> _YOUR INSTRUCTIONS_:
What you return should be the lines from the one with "Modern brick building" through the one with "Wake up to your" in the data below, reproduced exactly with both ends, and no pictures at all.

> _EXTRACTED DATA_:
<<<<

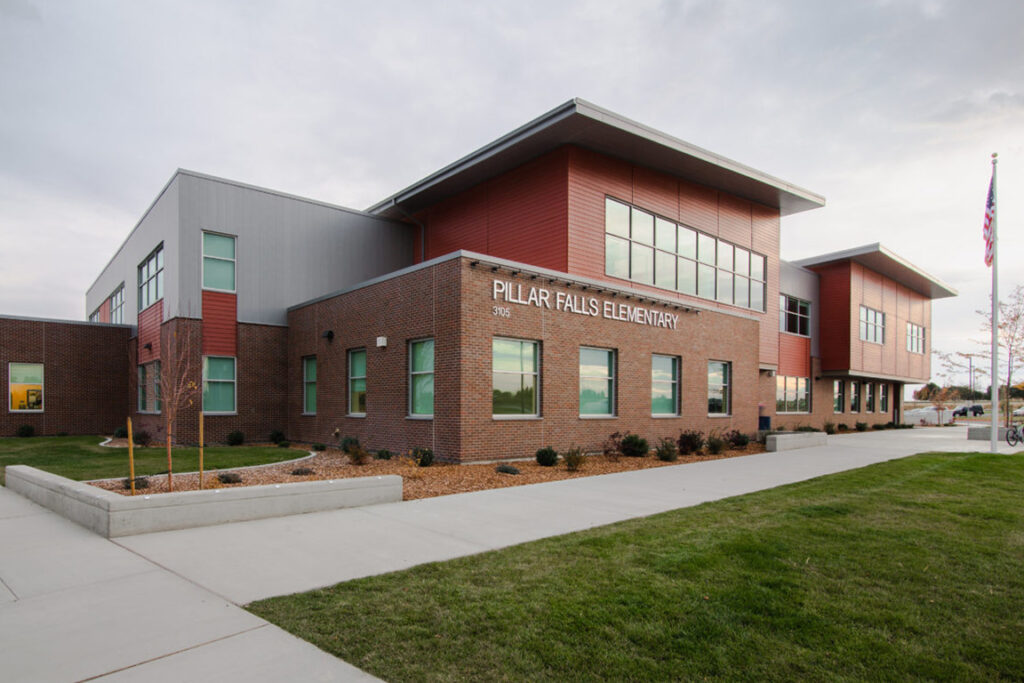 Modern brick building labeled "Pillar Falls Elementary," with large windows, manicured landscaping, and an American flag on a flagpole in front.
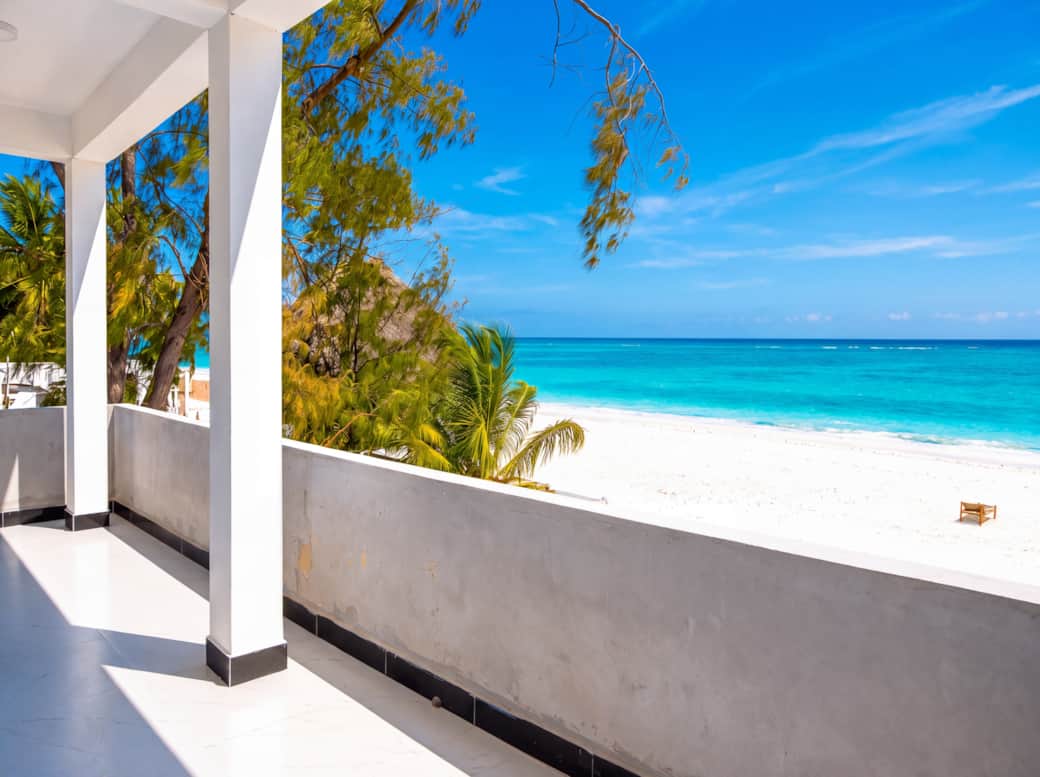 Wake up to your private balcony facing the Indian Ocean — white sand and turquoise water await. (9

>>>>
<<<<

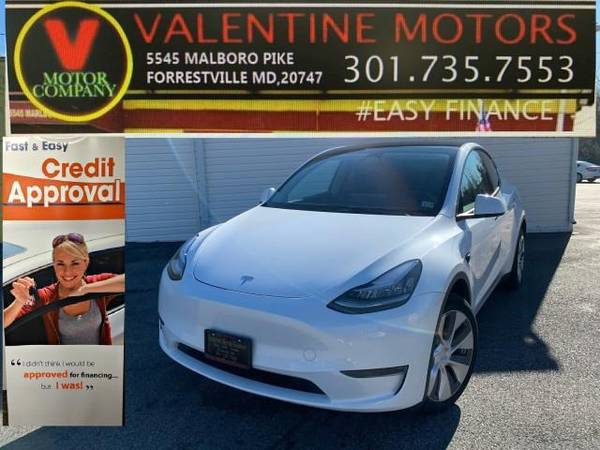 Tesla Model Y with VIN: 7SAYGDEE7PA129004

>>>>

> _ANSWER TO THE PROBLEM_:
 Modern brick building labeled "Pillar Falls Elementary," with large windows, manicured landscaping, and an American flag on a flagpole in front.
 Wake up to your private balcony facing the Indian Ocean — white sand and turquoise water await. (9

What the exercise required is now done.